Eindredactie Jan Pieter Woudt & Klaas Woudt (1991)

Gepubliceerd op 02-10-2020

Gymnastiek

betekenis & definitie

Eerste in de Zaanstreek in georganiseerd verband beoefende sport; lange tijd ook de meest beoefende sport, later in omvang voorbijgestreefd door voetbal en tennis. In 1989 waren bij de Zaanse gymnastiekverenigingen een kleine 5000 personen als lid aangesloten.

Gymnastiek (waar ook turnen toe wordt gerekend) is een der oudste sporten. Reeds bij de klassieke Griekse Olympische Spelen was deze sport een van de onderdelen. Nadien werd de sport gaandeweg vergeten, zodat gymnastiek bij de nieuwe opleving (vanaf het einde van de 18e eeuw) geheel opnieuw geïntroduceerd moest worden. Dat werd gedaan door ‘Turnvater’ F.L. Jahn (1778-1852). In Westzaan werd een gymnastiekvereniging naar hem vernoemd.

In de Zaanstreek maakte men voor het eerst kennis met gymnastiek in 1845, toen het departement Zaandam van de ➝ Maatschappij tot Nut van ’t Algemeen zich voor onderwijs in ‘kunstmatige lichaamsoefeningen’ beijverde: tegen betaling van drie gulden per jaar kregen kinderen iedere zaterdagmiddag twee uur les in de voormalige doopsgezinde kerk Het Oude Huys. Onvoldoende aanmelding dwong het Nut echter tot contributie-verhoging, waarna leden bedankten en de lessen tenslotte beëindigd werden.
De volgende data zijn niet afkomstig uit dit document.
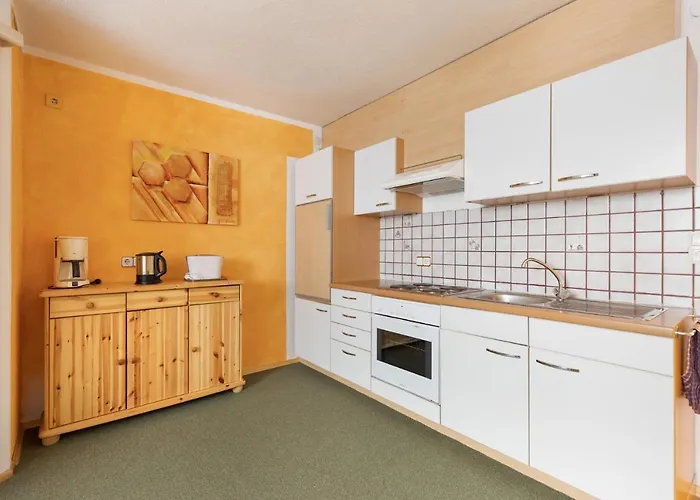 ゲストハウス Glockenstuhl 3*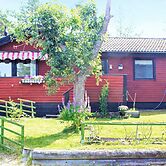 Scenic Lakeside Cottage-by Traum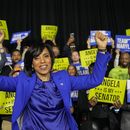 La senadora demócrata electa por Maryland Angela Alsobrooks aplaude durante una fiesta electoral el martes 5 de noviembre de 2024, en College Park, Maryland. (AP Foto/Jess Rapfogel)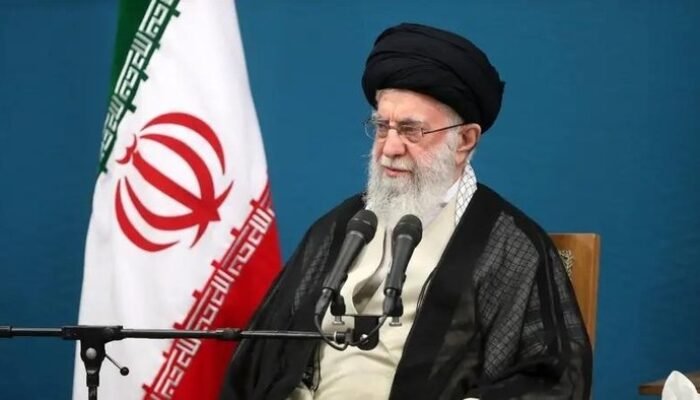 “⁠Muncul Nama-nama Calon Penerus Pemimpin Iran Ali Khamenei: Konflik dan Kebijakan yang Mendominasi Agenda Nasional”
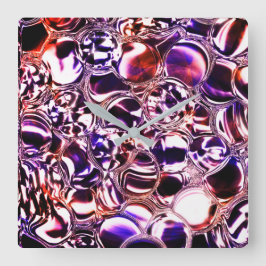 Blasen aus Farbglas oder wertvollen Steinen? Quadratische Wanduhr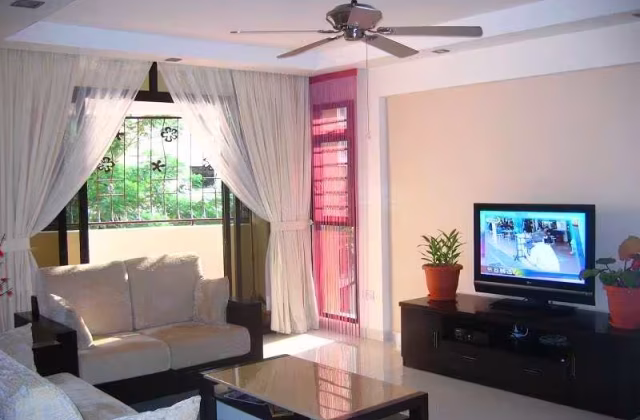 单间出租 • 林厝港 • 671C Jurong West Street 65 • S$950 • 执行组屋 • 普通房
Dat het Zaandamse departement van het Nut vroeg was met zijn initiatief blijkt ook uit het feit dat eerst zeven jaar later de Duitser Karl Euler door de regenng tot eerste gymnastiekleraar in Nederland werd benoemd, aan de Rijkskweekschool te Haarlem. Pas in 1866 werd de eerste vereniging opgericht die langer bleef bestaan. Daarna kwam de ontwikkeling van gymnastiek in een stroomversnelling. In 1868 werd door zes Amsterdamse verenigingen het Nederlands Gymnastiek Verbond opgericht (NGV: later Koninklijk, KNGV; thans: KNGB, Koninklijke Nederlandse Gymnastiek Bond). Vanaf de jaren '70 van de 19e eeuw werden ook in de Zaanstreek verenigingen opgericht. De eerste vereniging die ontstond was Lycurgus (Krommenie, november 1872), waarschijnlijk de eerste gymnastiekclub buiten de grote steden. Daarna volgde de oprichting van Achilles (Zaandam, 1873), Hercules (Wormerveer, 1876), Simson (Koog-Zaandijk, 1878), Concordia (Zaandam, 1879), Werken is Leven (Assendelft, 1882) en Jahn (Westzaan, 1883; een eerder te Westzaan opgerichte vereniging was in 1878 ten onder gegaan).

Gymnastiek was in deze jaren nog een elitaire sport, in principe uitsluitend voor mannen. Elitair, omdat alleen welgestelden vrije tijd hadden, bovendien konden zij de contributie opbrengen. En alleen voor mannen, omdat het onbetamelijk werd geacht dat meisjes en vrouwen gymnastische lichaamsoefeningen deden. Als zij desondanks aan gymnastiek wilden doen moesten zij aparte verenigingen oprichten. De eerste gymnastiekvereniging voor vrouwen in de Zaanstreek was Aurora (Zaandam, 1885), die slechts kort bestond. Pas rond de eeuwwisseling werd vrouwengymnastiek ruimer aanvaard. De eerste ‘volksgymnastiekvereniging’ werd eerst in 1906 opgericht, daarna verdween het elitaire karakter van gymnastiek gaandeweg.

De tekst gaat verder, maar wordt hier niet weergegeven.